L’attività fisica mi piace, la gente è più felice quando fa sport. A Firenze però, non è semplice allenarsi spendendo poco: qua la felicità non è low cost.

«Vieni con me al CIPPI!» mi dice Zajde, la mia coinquilina, mentre mi taglia una fetta di sacher. Anche le torte rendono felici le persone, forse più dello sport.

«Ok» le rispondo, «ma vengo per allenarmi, se vi mettete a parlare di politica me ne vado, lo sai che…».

«Ma smettila!» mi interrompe Zajde, «Il Robe fa boxe».

“Il Robe” – per Zajde il suo nome va rigorosamente scritto e pronunciato con l’articolo – è l’allenatore della Palestra Popolare del CPA. Quattro volte alla settimana, prima di tornare a casa, Il Robe viene ad allenare le persone come me in Palestra.

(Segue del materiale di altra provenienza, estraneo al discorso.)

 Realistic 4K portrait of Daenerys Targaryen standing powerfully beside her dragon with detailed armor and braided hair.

Nessuno lo paga per farlo: Il Robe è un volontario sostenitore della felicità low cost.

«Benvenuta Selene!» mi dice mentre mi accompagna dentro.

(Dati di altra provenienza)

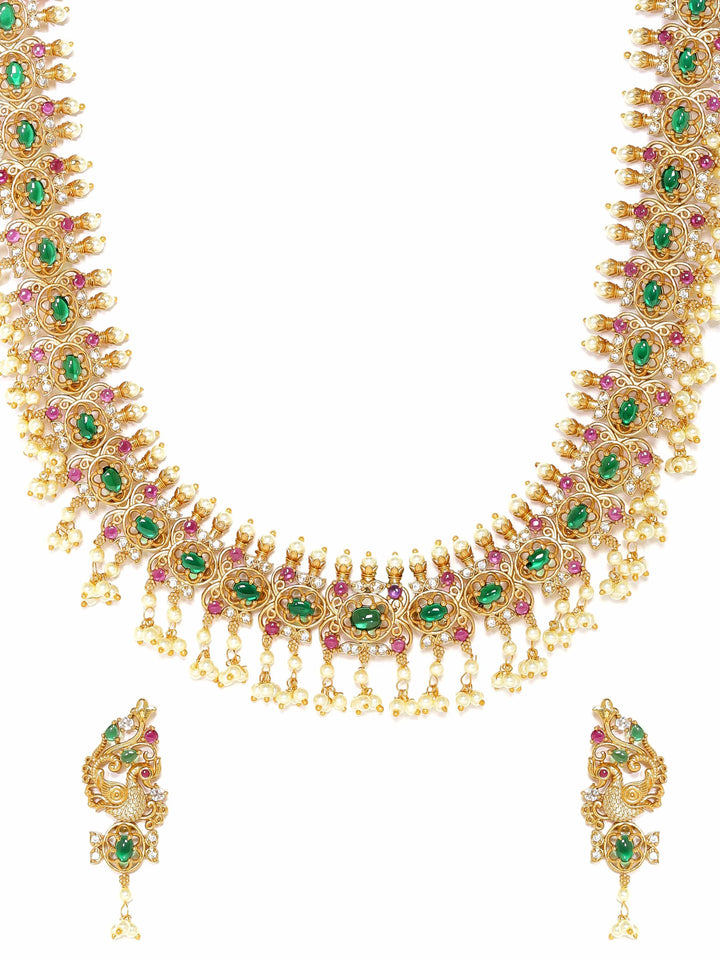 Rubans 22K Gold-Plated Kemp & Zirconia Crystal Studded Handcrafted Pearl Beaded Necklace Set Jewellery Sets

Aspettiamo gli ultimi ritardatari e iniziamo l’allenamento: il mio ego viene subito calpestato da un signore di circa sessant’anni che finisce tutti gli esercizi come se nulla fosse mentre io annaspo per terra pronta ad esalare l’ultimo respiro. Qua lo sport è per tutti, per i ventenni scarsi come me e per i ventenni travestiti da sessantenni, per la gente comune, per chi cerca un momento per evadere dalla routine quotidianità, per chi viene per socializzare o per chi vuole soltanto sfogarsi un po’. Lo sport ci mette sullo stesso livello a prescindere da quanto siamo diversi. Questa consapevolezza mi crea uno strano senso di benessere dentro la pancia, sento di aver allontanato tutti i nervosismi accumulati durante la giornata, mi rilasso e poi capisco che questa strana sensazione è soltanto quello che si prova dopo 3 serie di plank, quando stai per morire. A fine allenamento, chi vuole rimane in Palestra per mettere a posto gli attrezzi. «Ci si da una mano!» mi dice Il Robe.

Io e Zajde usciamo ancora sudate, è ottobre ma non fa freddo.

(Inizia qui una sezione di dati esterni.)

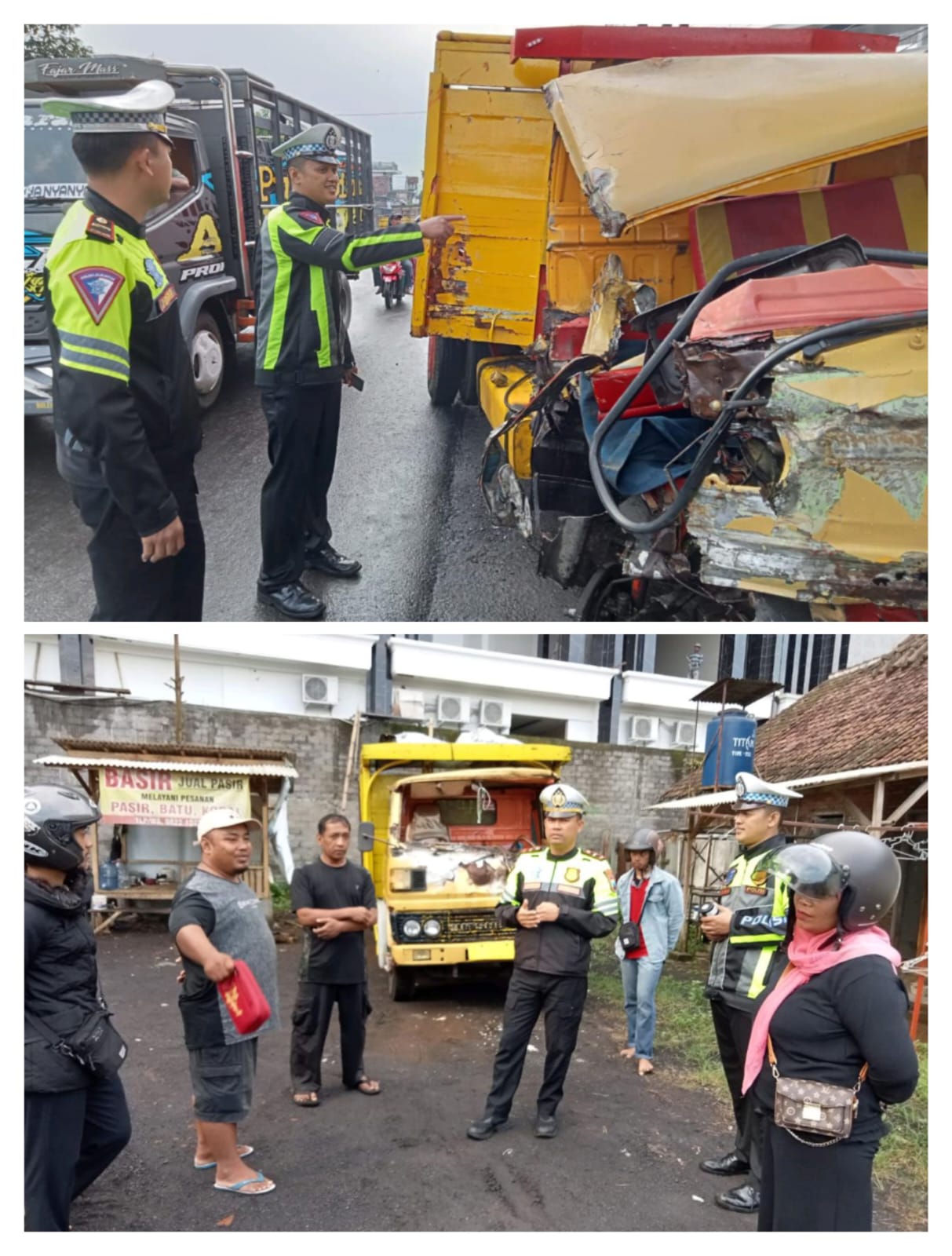 Diduga Mengantuk Pengemudi Truck Mengalami Kecelakaan Di Jalan Raya Bakalan Bululawang Malang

«Torniamo a casa a piedi, no?» le chiedo, «doppio allenamento!».

«Ok» risponde lei perplessa.

Iniziamo ad incamminarci verso casa, una frescura autunnale ci accarezza le guance, il luccichio dei lampioni rimbalza sull’Arno, si sente solo lo scorrere del fiume.

Firenze è bellissima.

«All’inizio non volevo venire».

«Cosa?», mi chiede Zajde distratta.

«Pensavo c’entrasse per forza la politica».